Human Rights Watch mendesak FIFA meminta pemerintah Amerika Serikat membuat “ICE Truce” untuk Piala Dunia tahun ini, sehingga ada jaminan publik dari otoritas federal untuk tidak melakukan operasi penegakan imigrasi di pertandingan dan area venue. Desakan itu muncul lewat laporan yang menyoroti risiko pelanggaran hak asasi bagi atlet, penonton, dan pekerja saat turnamen digelar di AS, Kanada, dan Meksiko.
HRW menilai FIFA perlu bertindak cepat karena Piala Dunia 2026 akan menjadi edisi pertama dengan 48 tim dan diperkirakan menarik jutaan penggemar ke 11 kota tuan rumah di Amerika Serikat. Organisasi itu juga meminta Gianni Infantino dan jajaran FIFA menggunakan pengaruh mereka untuk menekan pemerintahan Trump agar menghormati hak dasar para pihak yang terlibat dalam turnamen.
Seruan HRW soal “ICE Truce”
Dalam laporannya, HRW meminta FIFA mendorong penghentian operasi imigrasi yang dinilai agresif di sekitar lokasi Piala Dunia.
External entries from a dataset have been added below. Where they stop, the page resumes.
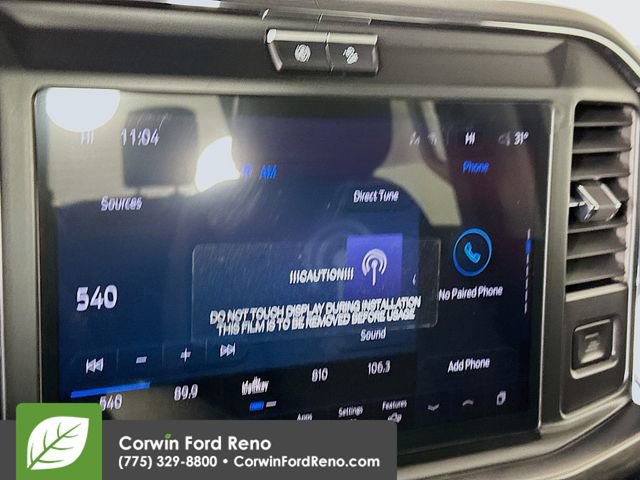 New 2026 Ford F350 Lariat w/ Chrome Package image 16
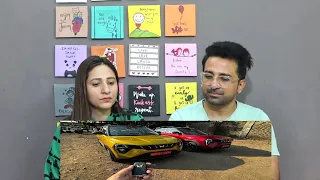 Pakistani Reacts to New Mahindra XUV 3XO Walkaround | Mid and Top variant | Gagan Choudhary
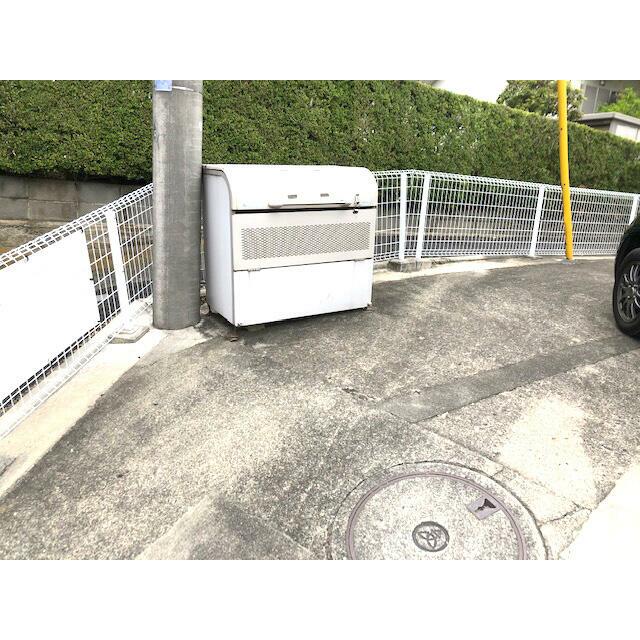 その他　ゴミ捨て場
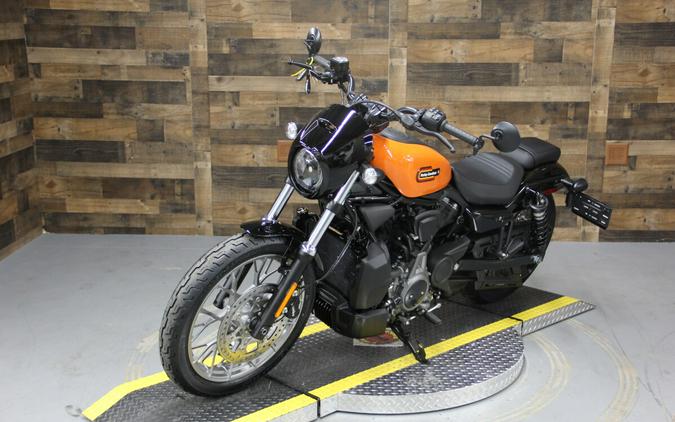 2024 Harley-Davidson Nightster™ Special Baja Orange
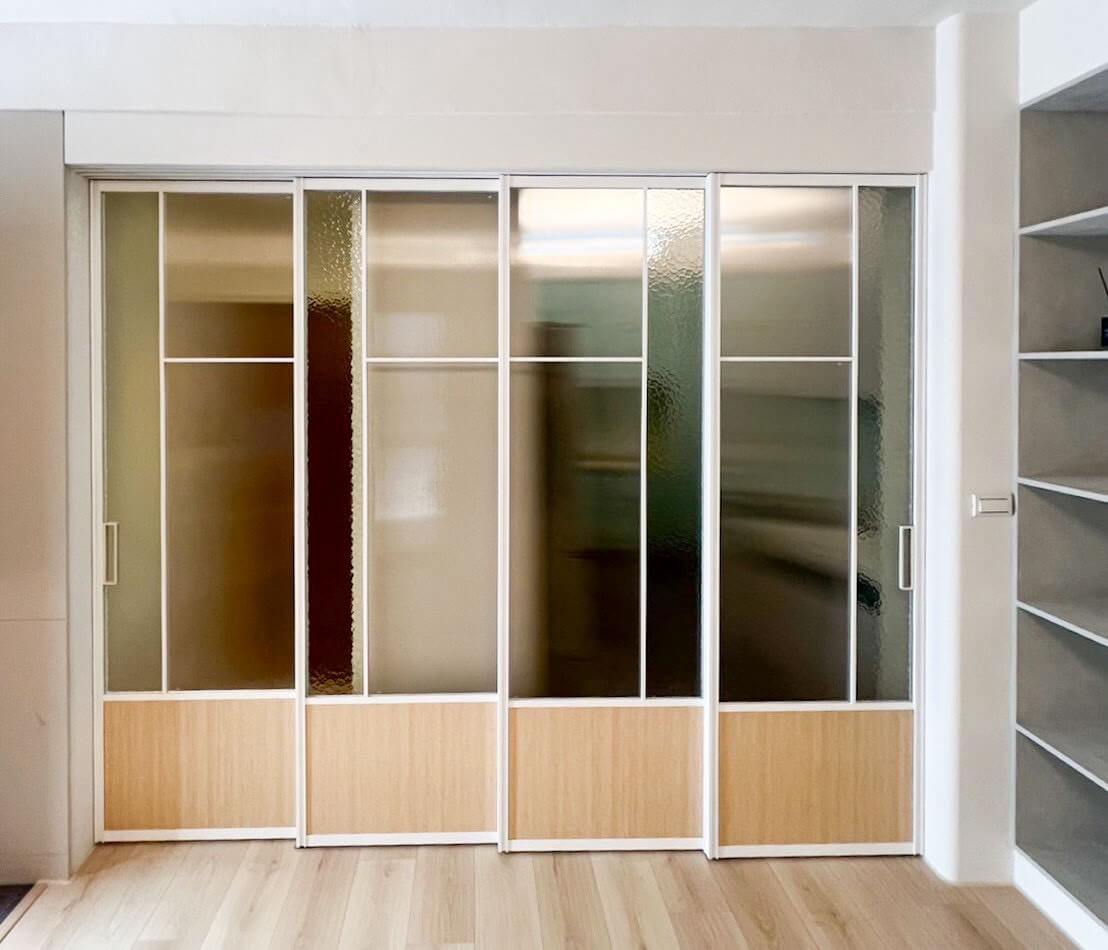 Read more about the article Aluminum Profile鋁型材【輕隔間】是什麼？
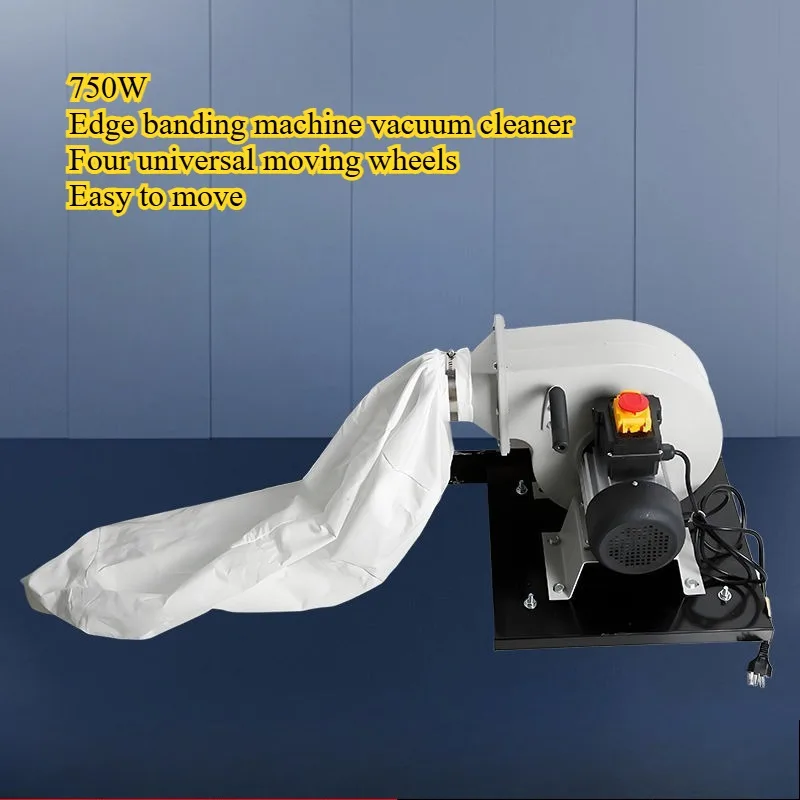 

Industrial Woodworking Vacuum Cleaner Small Bag Dust Collector Dust Carving Machine Edge Banding Machine Equipment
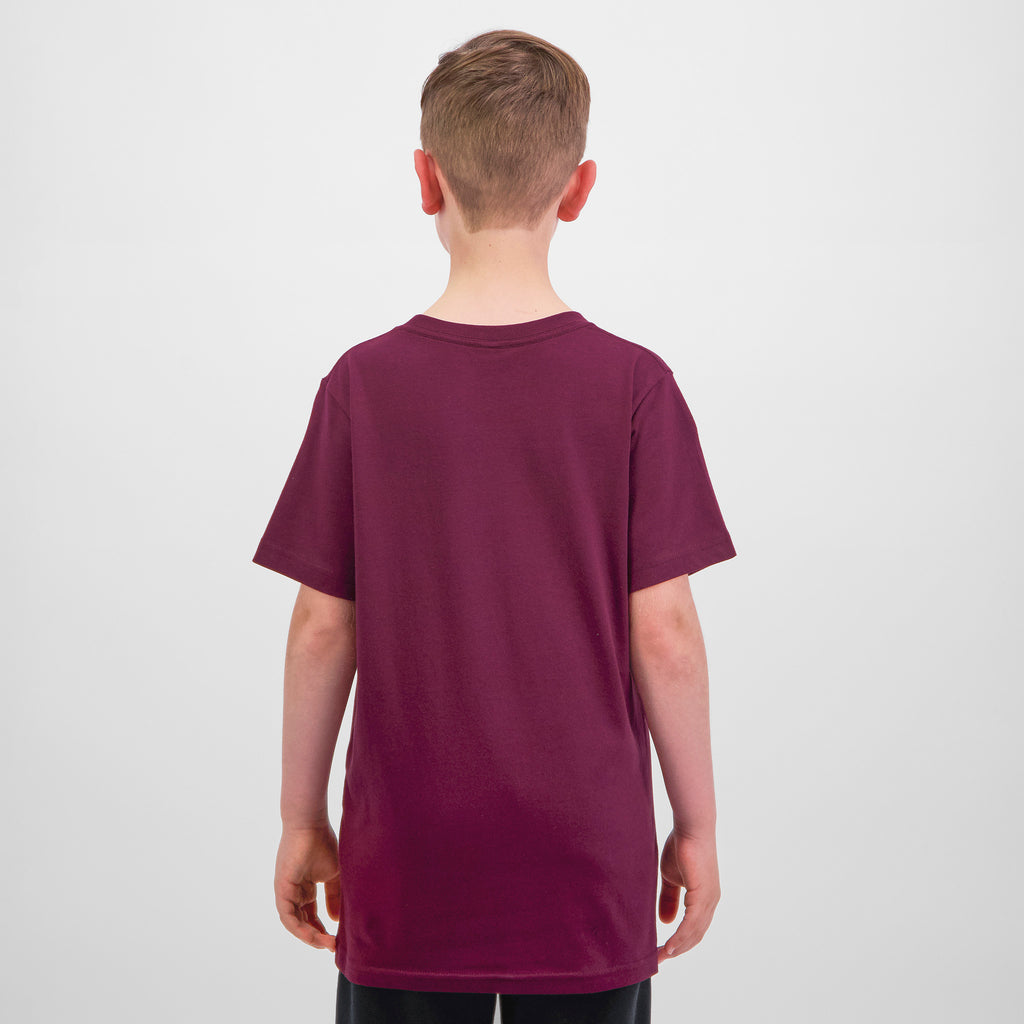 Plum Kids Basis Short Sleeve Tee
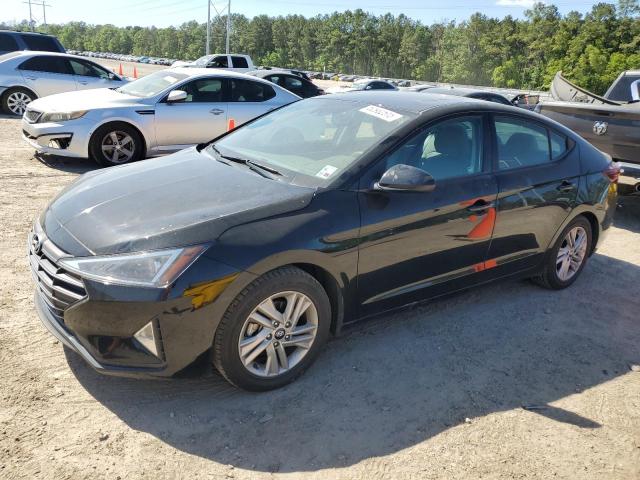  HYUNDAI ELANTRA 2020 Czarny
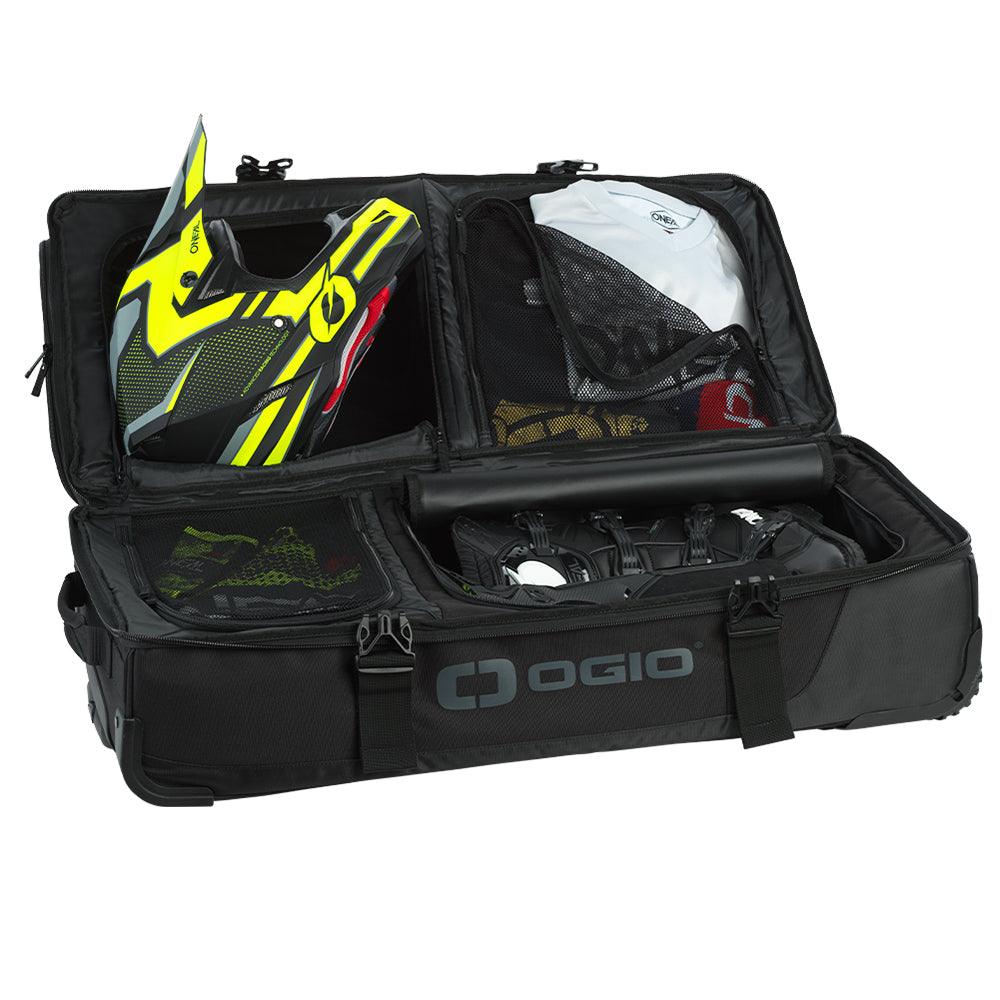 OGIO TRUCKER BAG - BLACK CASSONS PTY LTD sold by Cully's Yamaha
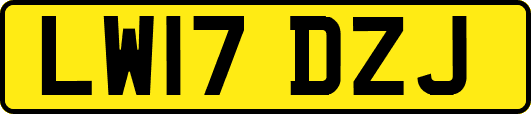 LW17DZJ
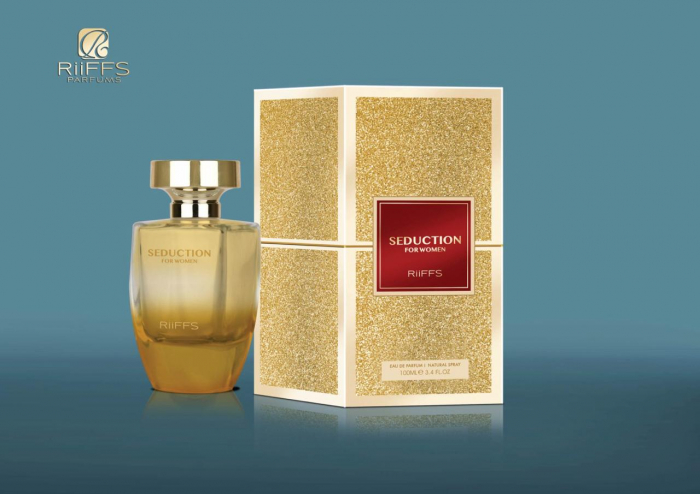 Parfum Seduction, Riiffs, apa de parfum 100 ml, femei [2]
Organisasi itu menyebut langkah konkret yang diperlukan mencakup pembatalan larangan perjalanan yang diskriminatif, perlindungan hak anak, serta komitmen untuk menjaga kebebasan berkumpul dan kebebasan berbicara.
HRW memakai istilah “ICE Truce” sebagai gagasan yang terinspirasi dari “Olympic Truce” di Yunani kuno. Dalam tradisi itu, kota-kota yang sedang bertikai menghentikan permusuhan agar atlet dan penonton bisa bepergian dengan aman menuju ajang olahraga.
Kekhawatiran atas penegakan imigrasi
Kekhawatiran terhadap kondisi bagi pengunjung menguat setelah kelompok advokasi merilis peringatan perjalanan. Peringatan itu menyebut wisatawan yang datang ke AS untuk Piala Dunia dapat menghadapi penahanan sewenang-wenang, deportasi, profiling rasial, pemeriksaan perangkat elektronik, bahkan risiko perlakuan kejam atau tidak manusiawi di fasilitas penahanan imigrasi.
Isu ini juga berkaitan dengan kebijakan keras pemerintah Donald Trump yang selama ini identik dengan pengerahan U.S. Immigration and Customs Enforcement atau ICE. Kelompok hak asasi menilai kebijakan tersebut telah memicu pelanggaran kebebasan berbicara dan hak atas proses hukum yang semestinya, serta menciptakan rasa tidak aman terutama bagi kelompok minoritas.
Respons pemerintah dan FIFA
Juru bicara Gedung Putih Davis Ingle mengatakan Piala Dunia FIFA 2026 akan menjadi salah satu ajang terbesar dan paling spektakuler dalam sejarah, sekaligus membutuhkan koordinasi erat antara pemerintahan Trump, FIFA, serta mitra federal, negara bagian, dan lokal. Ingle juga menyebut pemerintah fokus memastikan pengalaman yang aman bagi semua pengunjung.
Dari sisi Departemen Keamanan Dalam Negeri AS, seorang juru bicara mengatakan lembaganya akan bekerja dengan mitra lokal dan federal untuk mengamankan turnamen sesuai hukum federal dan Konstitusi AS. Pihak DHS menegaskan bahwa pengunjung internasional yang datang secara legal “tidak perlu khawatir” dan menambahkan bahwa penegakan imigrasi ditujukan kepada mereka yang berada di AS secara ilegal.
Sorotan pada penghargaan perdamaian FIFA
HRW juga menyoroti keputusan FIFA yang memberi penghargaan perdamaian perdana kepada Trump pada Desember lalu. Organisasi itu menyebut telah mengirim surat kepada Infantino untuk meminta rincian soal nominasi, juri, ketentuan acuan, dan proses seleksi penghargaan tersebut.
Dalam laporan itu, HRW memperingatkan bahwa penghargaan semacam itu berisiko mendorong tudingan “sportswashing” terhadap FIFA, terutama jika turnamen besar itu berlangsung di tengah kekhawatiran soal hak asasi dan perlakuan terhadap pengunjung. Sampai saat ini, Reuters menyebut sudah menghubungi FIFA untuk meminta tanggapan atas laporan dan desakan terbaru tersebut.